On the second day of the blackout that’s depriving as many as one in seven TCM viewers of their daily classic film fix, DISH Network has come up with a “creative” solution to help squelch viewer outrage.
After DISH pulled the plug on TCM, CNN, CNN en Espanol, HLN, TruTV, Cartoon Network, Adult Swim, and Boomerang at 2 a.m. (ET) on October 21, the satcaster began
trying to fool viewers simulcasting similar programming on the blacked out channels. TCM has been replaced by FXM, MSNBC is now simulcast on the channels that previously carried CNN and HLN, and Discovery Family (formerly the Hub) is replacing Cartoon Network and Boomerang.
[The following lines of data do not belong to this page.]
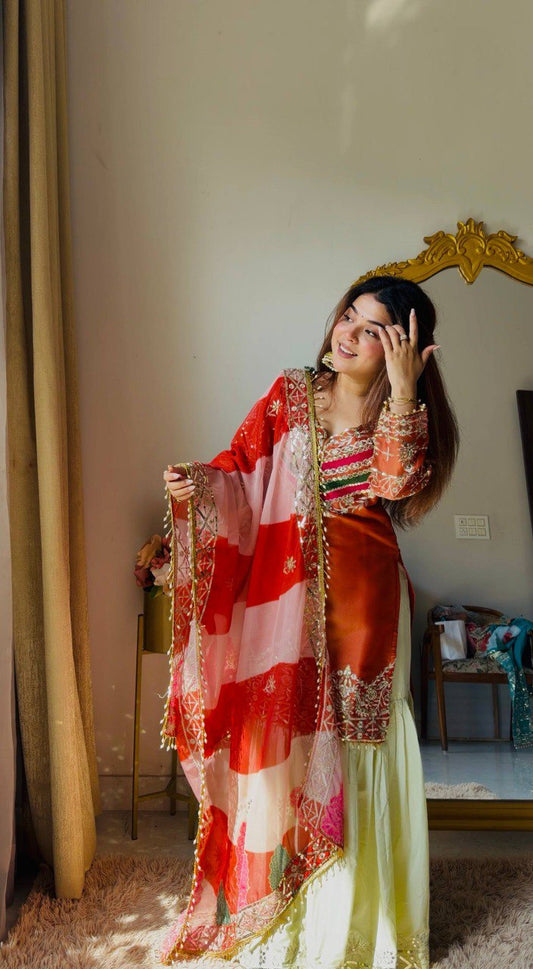 Fendy Embroidered Palazzo Set with Organza Dupatta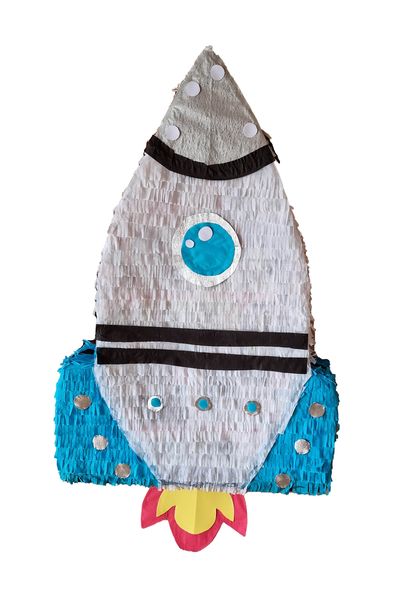 Light Blue &amp; White Rocket Pinata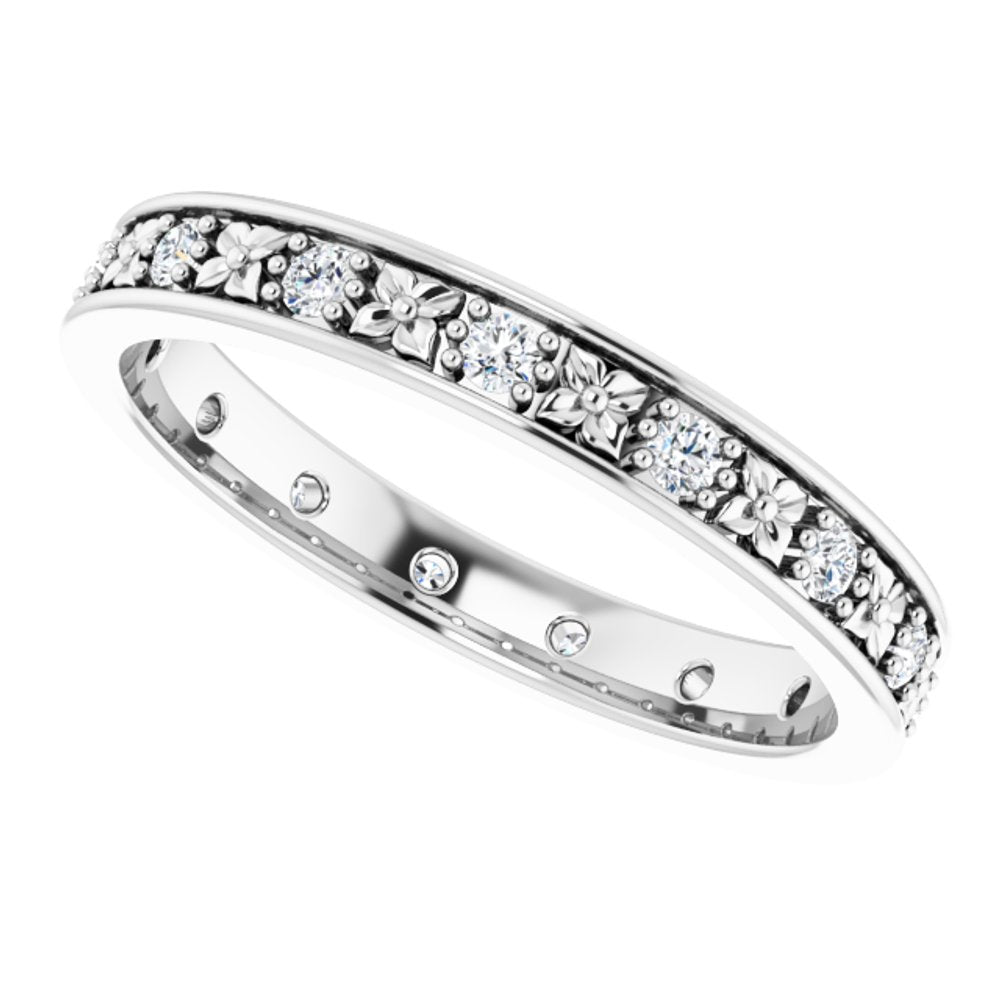 14K White 1/3 CTW Natural Diamond Floral Eternity Band Size 7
For as many as 14 million TCM viewers who subscribe to DISH, this is like the gift of a pox covered blanket. Because, while FXM (formerly known as Fox Movie Channel) may have previously been a commercial-free classic film channel, the network now devotes most of its advertiser-supported lineup to recent Fox releases like the Adam Sandler classic DON’T MESS WITH THE ZOHAN (2008). Even worse, many of these films are edited for content. In the case of Adam Sandler “comedies” that may be a gift, but that’s not really the point.
FXM’s relationship with classic film has been more complicated than the plot of THE BIG SLEEP. The channel began life in 1994 as fXM: Movies from Fox, with programming from the 20th Century Fox film library. It was rechristened Fox Movie Channel in 2000 and, for the next 12 years, broadcast films from the mid-1930s through the 1970s during the day, often in cropped or panned-and-scanned transfers that had been created for broadcast TV syndication packages in the pre-widescreen TV days. In primetime, Fox Movie Channel programmed more contemporary classics like THE FABULOUS BAKER BOYS (1989), often with specially created wraparounds featuring Fox executives and guests.
In 2012, the network switched to a 50/50 hybrid format, with Fox Movie Channel during the overnight and daytime hours and the newly branded – and now advertiser supported – FXM in primetime. And, in June of 2014, the channel officially switched to the FXM brand name, while retaining classics from roughly 3 a.m. until 2 p.m. The overnight/daytime lineup was rebranded FXM Retro and remains commercial free (during the films, at least).
You can still find the occasional classic film jewel in the wreckage that remains, but you have to look hard. Because the FXM website makes no reference to FXM Retro, the on-line schedule only begins at 2 p.m., and the TV listings site Zap2it.com doesn’t list the channel at all. There is a dedicated FXM Retro website, but you have to specifically look for it, and it’s not linked to on the main FXM site. This makes FXM Retro America’s only Secret Classic Film Network™. And now, thanks to DISH, it’s coming out of the black-and-white shadows.
While I may joke about this mess, it’s affecting lots of people in a very negative way. TCM fans are a dedicated bunch, and for some, the channel is a companion, a comfort, and even a nurse during times of serious illness. Both DISH and Turner Broadcasting need to get past the gamesmanship and get back to what really matters: the viewer.